• [EXTRACTED ENTRIES]:
· · · ·
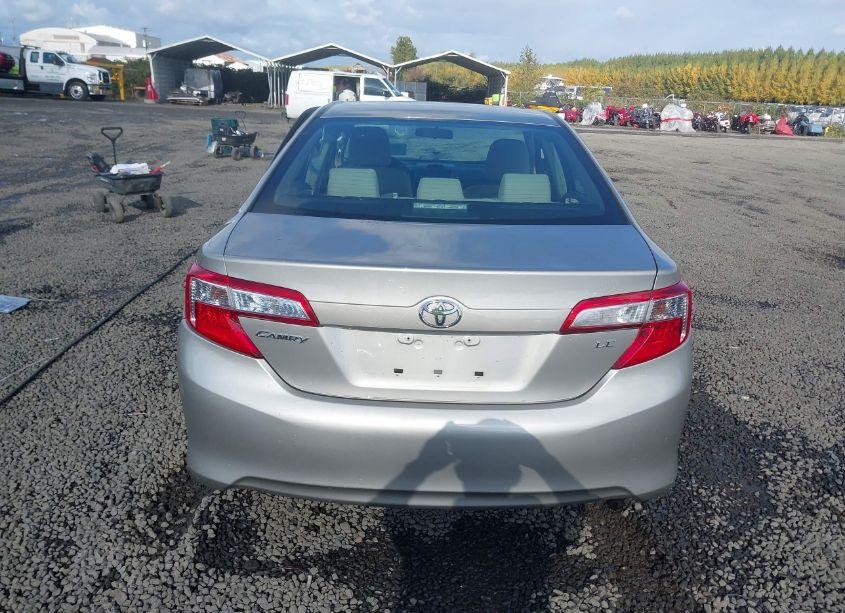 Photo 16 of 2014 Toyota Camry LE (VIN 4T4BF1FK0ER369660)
· · · ·
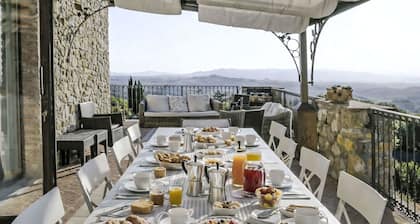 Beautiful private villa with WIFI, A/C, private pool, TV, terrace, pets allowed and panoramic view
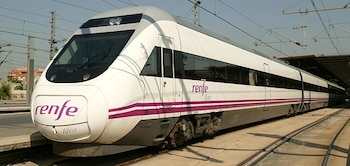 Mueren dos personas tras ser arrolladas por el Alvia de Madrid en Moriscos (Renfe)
· · · ·
• [TASK ITEM]: With pictures omitted, repeat the entries above word for word from the line holding "Beautiful private villa" down to the line holding "Mueren dos personas", keeping both of those lines.

• [OUTPUT]:
 Beautiful private villa with WIFI, A/C, private pool, TV, terrace, pets allowed and panoramic view
 Mueren dos personas tras ser arrolladas por el Alvia de Madrid en Moriscos (Renfe)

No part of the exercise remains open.